Fifty years of Interstate destruction

The WaPo has an article today about the Interstate Highway System, which came into existence when President Eisenhower signed the bill on June 29, 1956, fifty years ago tomorrow.

Dan Ryan Expressway in Chicago (I-90/94)

That curve, and a couple of others like it, have always represented for me the destructive power of the Interstate system. The bill that Eisenhower passed provided for 90% federal funding--but most of the decisions about where the freeways would run, and which contractors would do the work, were left to state and local governments. Ten percent of the money, almost all of the control to decide whose houses get to stay and whose will be demolished. Ten percent of the money, almost all of the control to decide which contractors get the multi-million dollar contracts and which don't. A perfectly irresistable offer to local bosses like Chicago's Mayor Richard Daley. All of the land shown in the photo above, and most of the land for miles around, was already developed when the Dan Ryan was built in the early 1960's. The land is flat and there are no rivers within a few miles of the curve shown. That is, the fact that the freeway curves here, saving some neighborhoods while destroying others, was almost certainly a political decision, not an engineering one. My guess is that the decisions generally went against the poor, the black, and anyone who opposed Daley.
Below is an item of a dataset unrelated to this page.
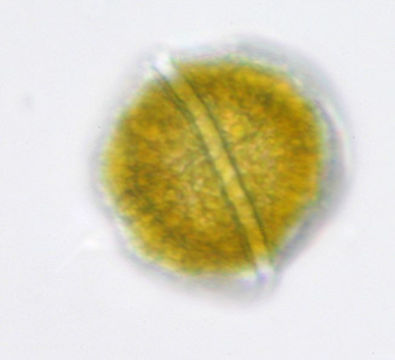Image of <i>Glenodinium cinctum</i>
While in grad school at the University of Illinois, I wrote a paper investigating the effects of the Interstate highways on Chicago. A quick calculation determined that clearing the land for the highways had destroyed a far larger area of developed Chicago than had the famous fire of 1871. And census data show that Chicago's population peaked in 1950 and started to decline just at the time that the freeways were built, losing people to the distant suburbs. The effect in Detroit was even more stunning, with more than half the population leaving the city in the decades following the start of freeway construction (anyone who has ever driven in Detroit in the summer knows that the freeway construction has never been completed). I-75 was built through the heart of Black Bottom, a vibrant predominantly African-American neighborhood which was the birthplace to some of the best jazz in this country. Similar destruction occurred in cities around the country, except in those places like San Francisco and New Orleans which refused to let the freeways destroy their neighborhoods.

The interstates have obviously contributed to sprawl and the huge growth in auto usage and associated pollution, global warming and resource depletion. By current standards, Eisenhower was a pretty good president. But his favorite project has turned out to be a disaster of historic proportions, just like that of our current pResident. So--Crappy birthday to you, Interstate Highway System!